講義によると、害虫から守るには、大きく分けて2つの方法があるそうです。
①遺伝子操作で、害虫耐性を持った種を作る。
②農薬をまく。
①は、葉っぱに害虫の消化器官を壊す遺伝子を作らせることで、それを食べた害虫の腸などの消化器を壊して駆除する方法です。
環境負荷は少ないですが、遺伝子操作された食物の安全性をどう確認するかが問題です。
②は現在主流の方法で、遺伝子操作は不要ですが、農薬は広範囲に散るため、環境負荷は大きくなります。
どちらの研究を進めるべきか総合的に判断して悩ましい。といった内容でした。
学問や研究をずっとやってきた先生方なので、純粋に学問上、どちらが良いかの判断が難しいんだと思います。
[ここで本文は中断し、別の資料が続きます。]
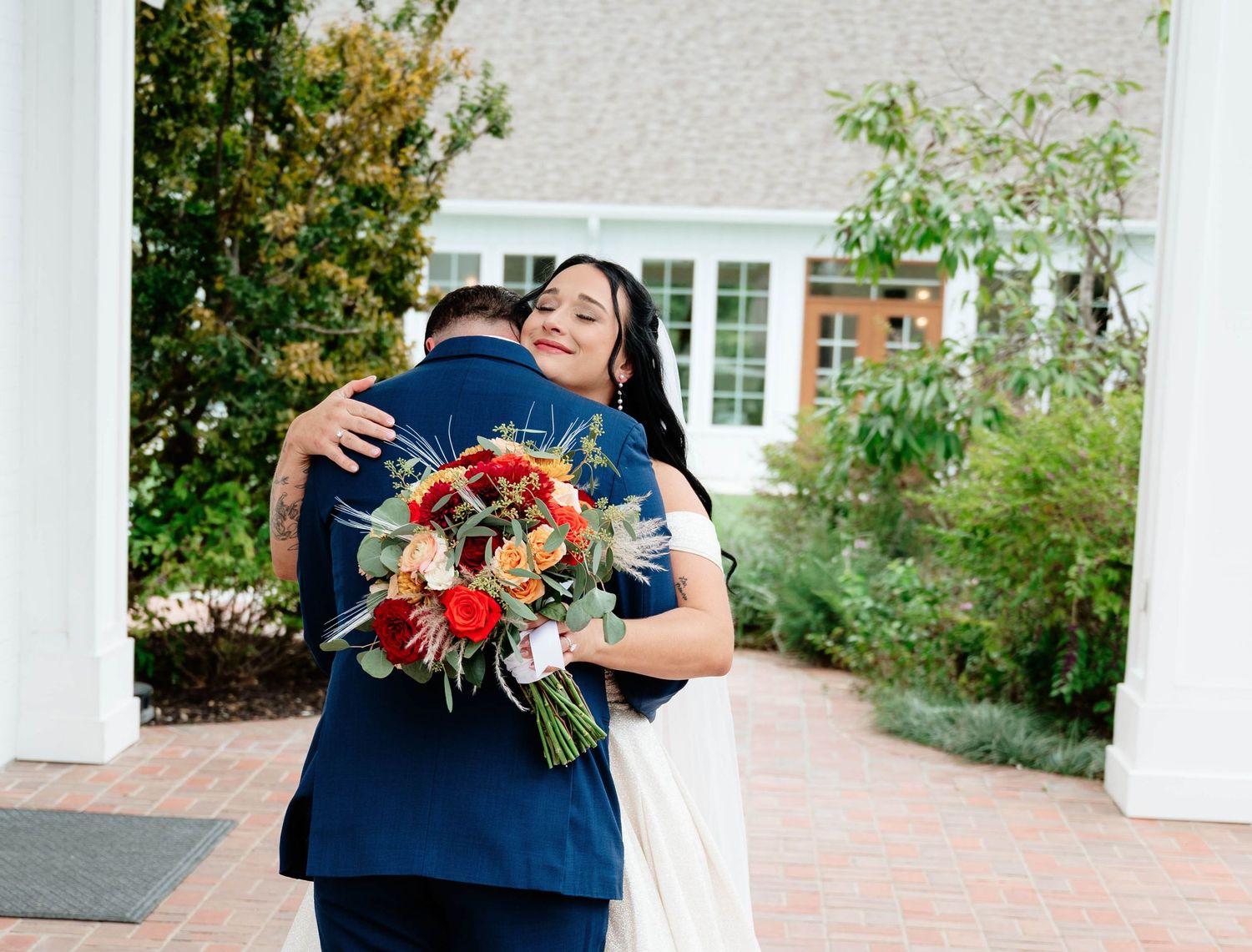 Couple embracing near white pillars with colorful autumn bouquet.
でもビジネスの視点から見ると、どちらを選ぶかは明らか。②で決まりです。
なぜでしょう?
例えば、①種を売り出した場合、1回買って蒔かれたら終わりです。毎年種を買うとしても1年に1回。
でも、②農薬の場合、 いろいろな害虫用に、 若葉、成長期、実を付けた時とかの各生長過程で売ることができます。もちろん散布の手間も考慮する必要はありますが。
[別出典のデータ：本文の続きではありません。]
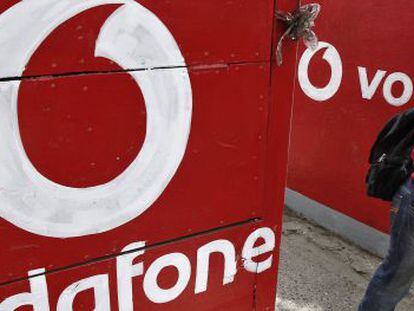Un hombre habla con su m&oacute;vil al lado de un logotipo de Vodafone.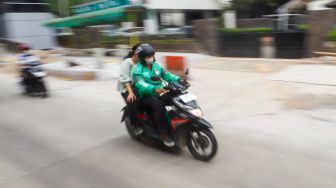 Ojek online melintas di Jalan Rasuna Said, Jakarta Selatan, Selasa (6/12/2022). [Suara.com/Alfian Winanto]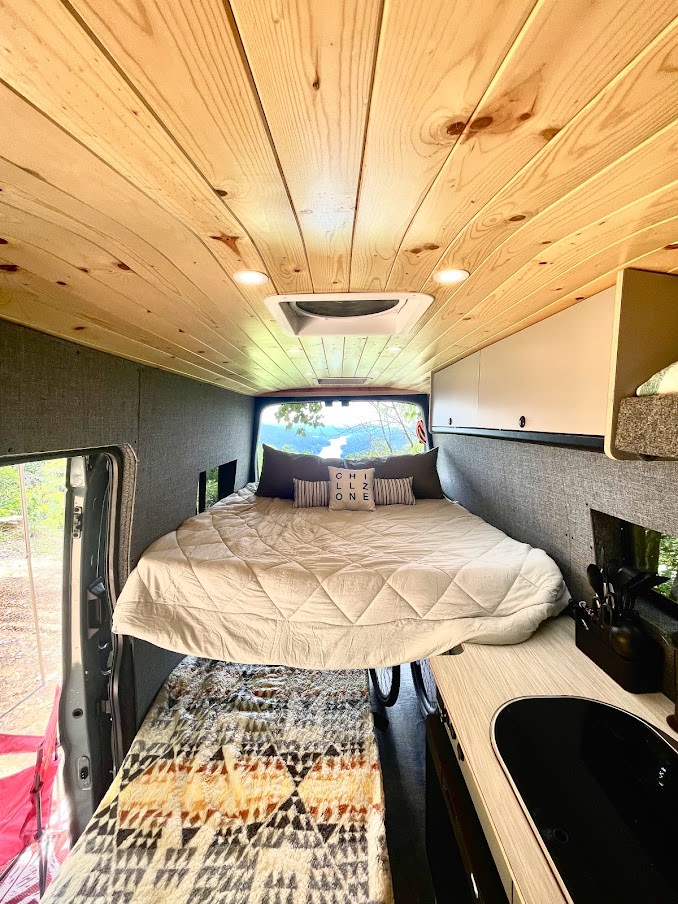 Explore this spacious RV rental interior: wood ceiling, elevated bed, lower sleeping, compact kitchen, & scenic lake view.. Ford Transit 350 High roof 2020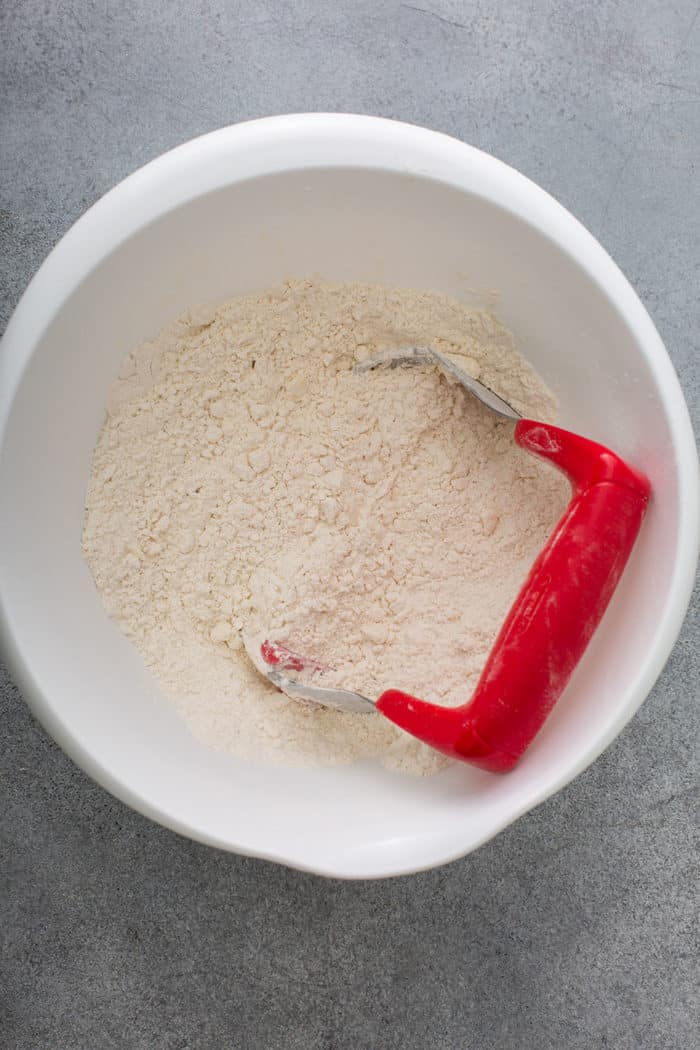 Dough blade in a white mixing bowl with a mixture of butter and flour cut together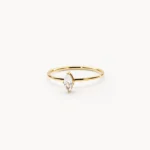 Gold plated stainless steel ring with a small marquise cut clear stone on a thin band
視点や発想を変えると見える景色が変わる、というのはよくある事。
例えば、缶コーヒーがおいしくないのは多くの人が感じている事ですが、おいしくするためにドリップにすると、設備や掃除がコスト高で採算が合いません。
なので、がまんしておいしくない缶コーヒーを飲む時代が久しく続きましたが、
”お客さんに、注文から機械の掃除までやってもらう”、という一見あり得ない発想で、大当たりしたのがネスレのアンバサダーです。
自販機の補充・手入れは、コカコーラの制服を着たお兄さんが行うことに、何の疑問も感じなかった私には、コーヒーマシンの掃除を、客先のオフィスレディーが行う。と言う発想と、その実行力が今でも信じられません。
でも、開始5年後の2018年時点で、ネスカフェアンバサダーの登録者数は40万人を超えているそうで、オフィスに5人の利用者がいるとすると、200万人の利用者を獲得したことになります。
ネスレにはキットカットやクランチといったおやつのラインナップもあるので、働き方改革が追い風になって、日本にも北欧のフィーカのような習慣が根付くかもしれません。
つまりこの発想の転換が、日本のオフィス文化を変える可能性もあるわけです。
同じコミュニティーにずっといたら、違う視点でものを見たり、突飛な発想をする事は難しいと思うので、いろんな人と交流して、アンテナを高くしておくことが大事だと思います。